A Local Model for Wildfire Readiness

June 9, 2020

Recently, CAL FIRE announced it would ask property owners to complete “defensible space” self-assessments, as the department is limiting property inspections this year due to social distancing.

California law requires property owners in some fire-prone areas to take certain measures to protect their property against wildfire. Local jurisdictions in high-hazard areas may set even stricter standards. The resulting fire buffer area – at a minimum, 100 feet around each structure on the property – is called “defensible space.” That space helps protect the buildings and other structures from wildfire and it creates a safer environment for firefighters. CAL FIRE enforces these rules in areas of state responsibility.

In 2014, the Little Hoover Commission studied defensible space enforcement as part of a larger project on climate change adaptation, and found opportunities to better protect Californians’ homes and the firefighters defending them. In its subsequent report, Governing California through Climate Change, the Commission called upon the state to more aggressively enforce defensible space requirements and strongly suggested using Ventura County as a model.

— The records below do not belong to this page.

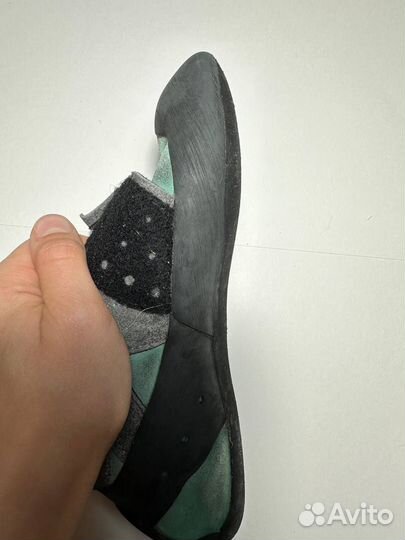 Скальные туфли Scarpa Origin Maldive размер 35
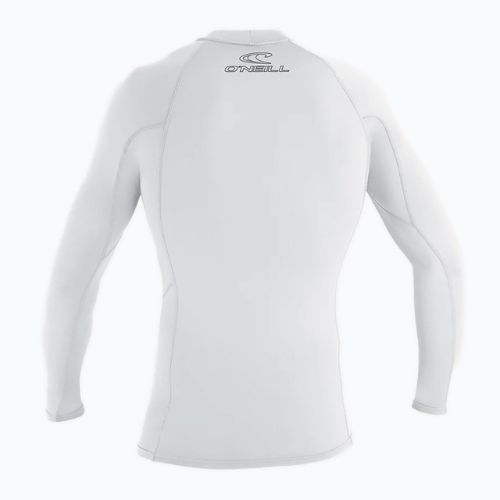 Vyriški maudymosi marškinėliai O'Neill Basic Skins white 3342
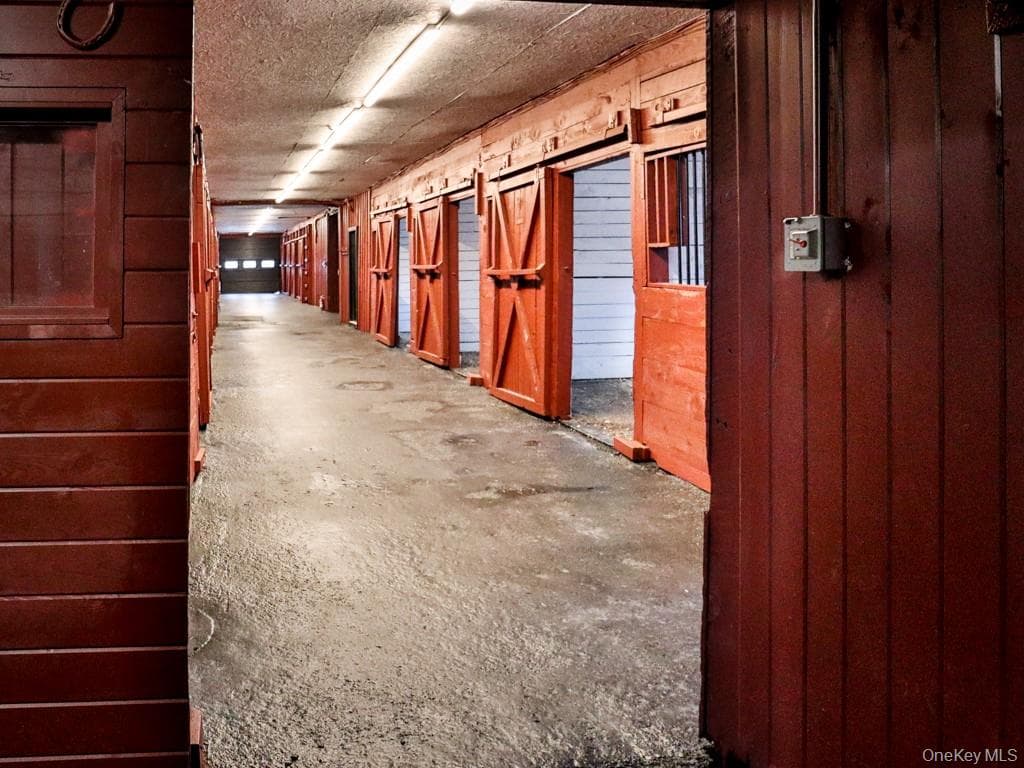 Stable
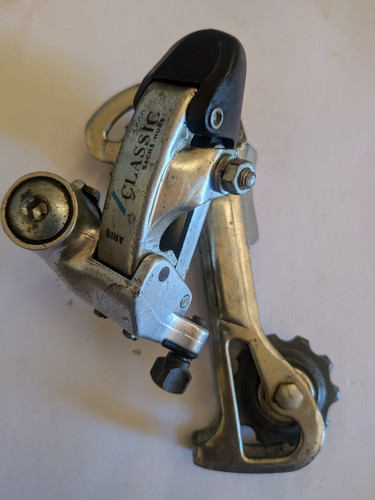 Dérailleur arrière sachs - dérailleur,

In Ventura County, the county notifies property owners of their defensible space obligations about a month and a half before inspections. If violations are found upon inspection, property owners are given seven to 14 days to correct them. If there are still violations upon re-inspection, the county immediately dispatches contractors to bring the property up to code and bills the owner for costs along with a hefty administrative fee.

In contrast, state law is more forgiving. It requires someone to be convicted of three violations within a five-year period before CAL FIRE can intervene to bring the property up to code. CAL FIRE focuses on education. From a colorful user-friendly website to commissioning a ballad on defensible space, the department constantly works to educate Californians about steps they can take to protect themselves from wildfire. Sometimes the educational approach is preferable even when there are available resources for enforcement: In a 2019 interview with the San Diego Union-Tribune, a CAL FIRE inspector explained that not all residents are pleased to see government officials show up on their property, and it can be more productive to frame the conversation as tips to protect residents and their neighbors instead of threatening to punish them for noncompliance.

The Ventura County model gets results. During the October 2003 wildfires that devastated Ventura, San Bernardino, and San Diego counties, only 24 of the 3,600 homes destroyed were in Ventura County. When it first implemented the program more than three decades ago, Ventura County had to clear hundreds of noncompliant properties itself each year. Consistent enforcement has helped. In the data shared with the Commission from 2006, the county only had to clear 18 of the nearly 15,000 properties in the wildland-urban interface. Data from 2018 show the county only had to clear 24 of about 16,600 parcels. Usually about 90 percent of people get it right the first time, thereby eliminating the need for re-inspection.

As policymakers consider future ways to ensure that homes are better protected from fire, they should consider the Commission’s recommendation to use a workable model from local government.